Perché pubblichiamo articoli su questo tema?

La Svizzera è stato uno dei primi Paesi a riconoscere l’indipendenza del Bangladesh, dopo una guerra civile conclusasi nel 1971 con la scissione dal Pakistan. Da allora, varie organizzazioni non governative elvetiche e la Direzione dello sviluppo e della cooperazione della Confederazione sono presenti nel Paese.

I progetti presentati nell’articolo sono attuati dall’organizzazione locale Mukti Mohila Samity (MMS). Implementa progetti in qualità di partner dell’organizzazione svizzera di aiuto all’infanzia Terre des hommesCollegamento esterno (TdH).

La Catena della solidarietà organizza dal 16 al 20 dicembre la settimana delle solidarietàCollegamento esterno. Le donazioni raccolte servono a finanziare progetti di protezione dei minori contro la violenza e gli abusi, tra i quali anche le iniziative descritte in questo articolo.

La Catena della solidarietà è una fondazione ed è il braccio umanitario della SSR, società a cui fa parte anche SWI swissinfo.ch.

Una vita da lebbrosa

Il Bangladesh è uno dei pochi Paesi musulmani dove la prostituzione è legale. Tuttavia, chi svolge quest’attività è guardata come se fosse un’appestata e viene esclusa dalla società. Negli ultimi 20 anni, le organizzazioni non governative (ONG) locali si sono battute per migliorare lo status giuridico delle donne e quello dei loro figli e figlie. Nell’area del bordello vivono oltre 500 bambini, per lo più nelle stesse stanze dove lavorano le loro madri.

ragazze sedute in cerchio su un prato
Affrontare la serietà della vita attraverso il gioco: le attività organizzate dall’ONG locale MMS sono rivolte alle figlie di Daulatdia, che spesso crescono in circostanze molto difficili. Giannis Mavris / SWI swissinfo.ch

Nei pressi del bordello, l’ONG Mukti Mahila Samiti (MMS) propone attività ricreative e sportive per le ragazze.
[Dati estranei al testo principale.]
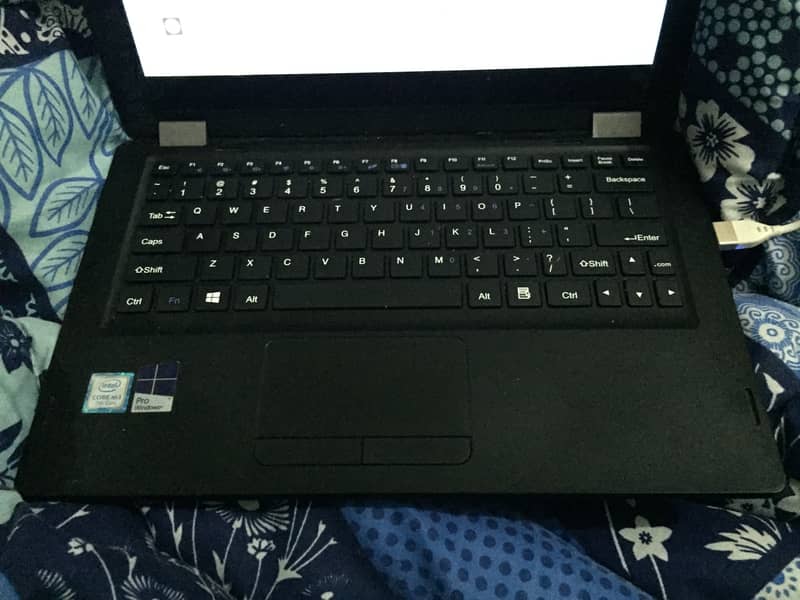 INT-CR-M3-7GEN LAPTOP 1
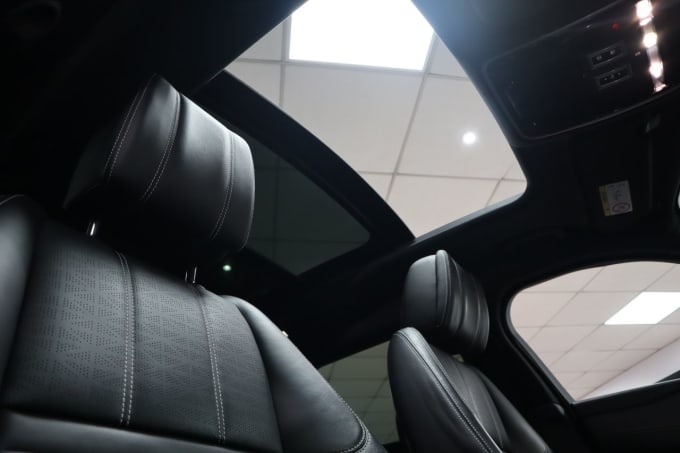 2025 Land Rover Range Rover Velar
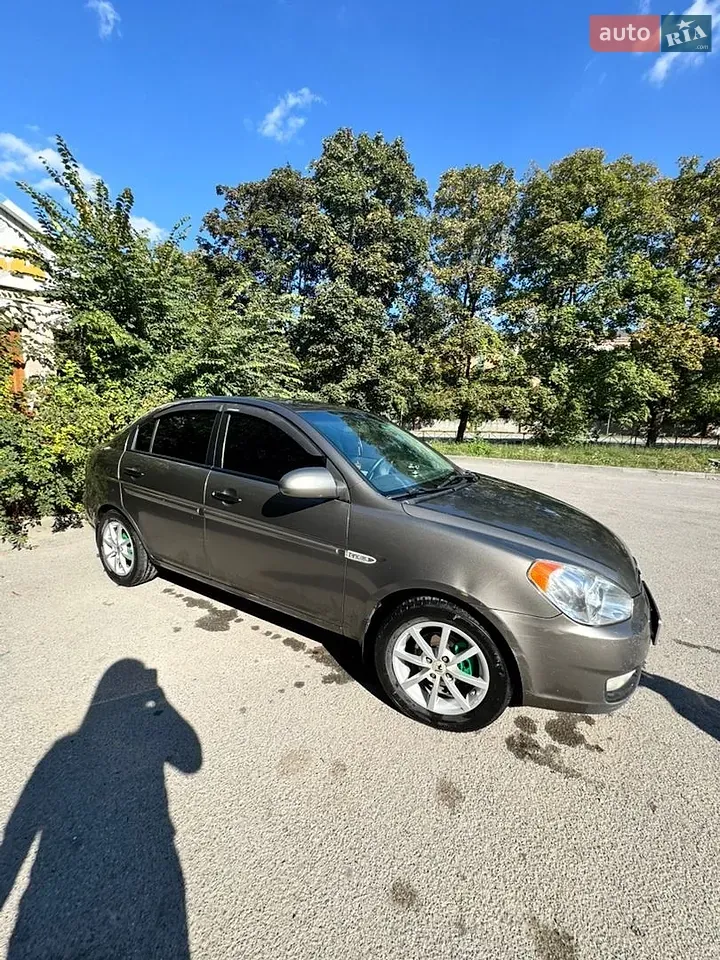 Hyundai Accent 2008 photo 4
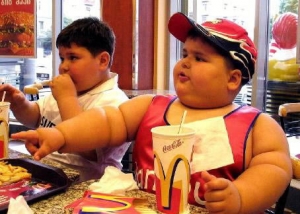 Tres factores de riesgo importantes relacionados con la obesidad infantil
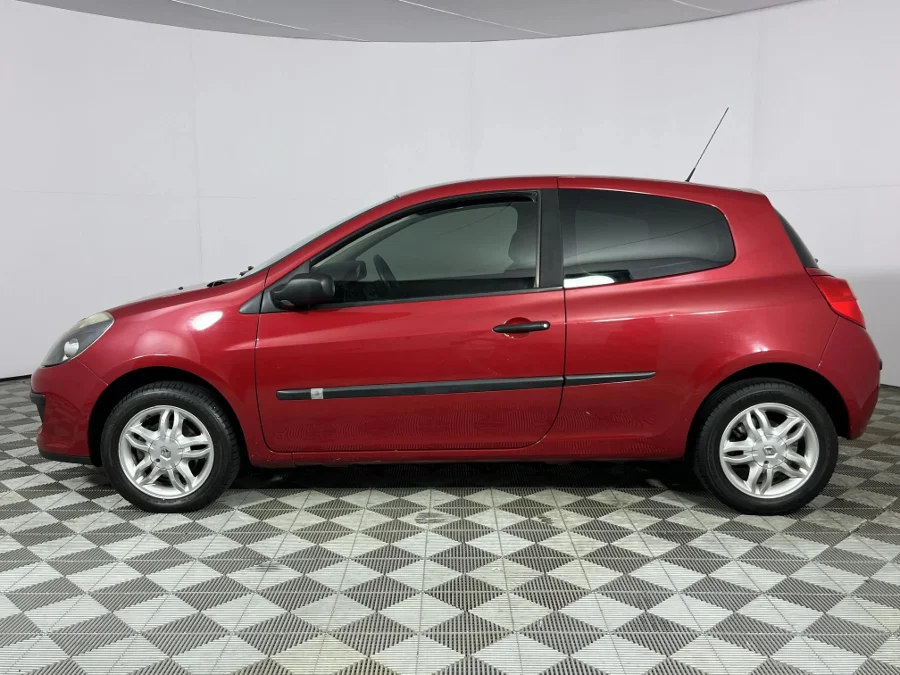 Used 2009 Renault Clio 1.6 Extreme 3-door - WeBuyCars Lansdowne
Prima di giocare a pallamano, le giovani svolgono degli esercizi con gli occhi chiusi, volti a rafforzare la fiducia delle adolescenti cresciute a Daulatdia. “L’obiettivo è migliorare le capacità di negoziazione e comunicazione”, spiega un’assistente sociale. “E sviluppare la fiducia nelle persone, poiché la maggior parte di loro ha avuto un’infanzia traumatica”.

Circa 50 bambine e giovani frequentano le lezioni, i programmi di formazione e le attività sportive proposte dal centro, che propone anche un servizio di accudimento diurno e notturno. “Facciamo tutto il possibile”, affermano le collaboratrici e i collaboratori della ONG. “Ma a Daulatdia non c’è quasi speranza”, ammette qualcuno senza nutrire false illusioni. Tuttavia, ci sono segnali positivi.

Evitare che una ragazza segua le orme della madre è un grande successo, sia dal punto di vista individuale che strutturale, in quanto dimostra che è possibile sfuggire allo sfruttamento sessuale.

Come si sono organizzate le donne?

Morjina Begum è una figura centrale a Daulatdia. Quando cammina lungo i vicoli del bordello, tutti la salutano poiché ha fatto molto per le persone che lavorano qui.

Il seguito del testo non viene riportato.